Quincy Residents, Officials in No Mood to Build Bridges with Boston

Sunday, March 31, 2019

Long Island sits in Boston Harbor, not far from the Dorchester and Quincy coasts.  A mile-and-a-quarter long by a quarter-mile wide, it consists of 225 acres.  That makes Long Island roughly twice the size of Suffolk Downs, the old racetrack in East Boston and Revere fated shortly to become its own boomtown of offices, apartments, condos, stores and restaurants.

Boston owns Long Island but access to it by land has only ever been possible through the City of Quincy.  Vehicles traveled through the populous peninsula of Squantum, in North Quincy, across a causeway to Moon Island, and then over a two-lane, 3,000-foot-long steel bridge to Long Island.

One day in October, 2014, inspectors found the bridge to be unsound and immediately ordered it closed.  Decades of exposure to the harbor's salty air had corroded its steel beyond the point of repair; five months later, the span had to be demolished.

Boston was operating two vital, heavily subscribed programs on Long Island, for treating those with substance abuse disorders and for housing the homeless,  These were shut down in a matter of hours and moved to temporary quarters in Boston proper -- or what were thought to be temporary.

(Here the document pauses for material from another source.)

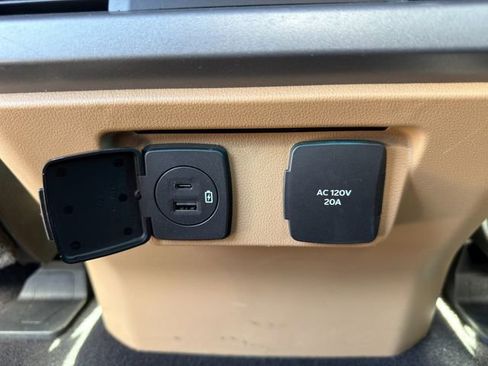 Used 2023 Ford F150 Lariat w/ Max Trailer Tow Package image 16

We are now in Year 5 of the Long Island shutdown and the plan by the administration of Boston Mayor Marty Walsh to rebuild the bridge and re-establish the much-needed drug recovery and temporary housing programs there is moving at the speed of a Galapagos tortoise.

The problem is Quincy doesn't want the bridge rebuilt and is doing everything legally and procedurally possible to slow and ultimately stop the rebuilding effort.  From the beginning, Squantum residents were united in opposing the new bridge. Their resolve seems only to have strengthened in recent seasons as they pulled off several successful stalling actions.

Fearing that re-opened (and inevitably expanded) programs on Long Island would lead to intensified use and more vehicle traffic than ever, Quincy is taking the position that (a) the bridge should never be rebuilt, and (b) the only acceptable way to administer and support the island-based programs in the future is via ferry boats running back and forth from Boston to the island.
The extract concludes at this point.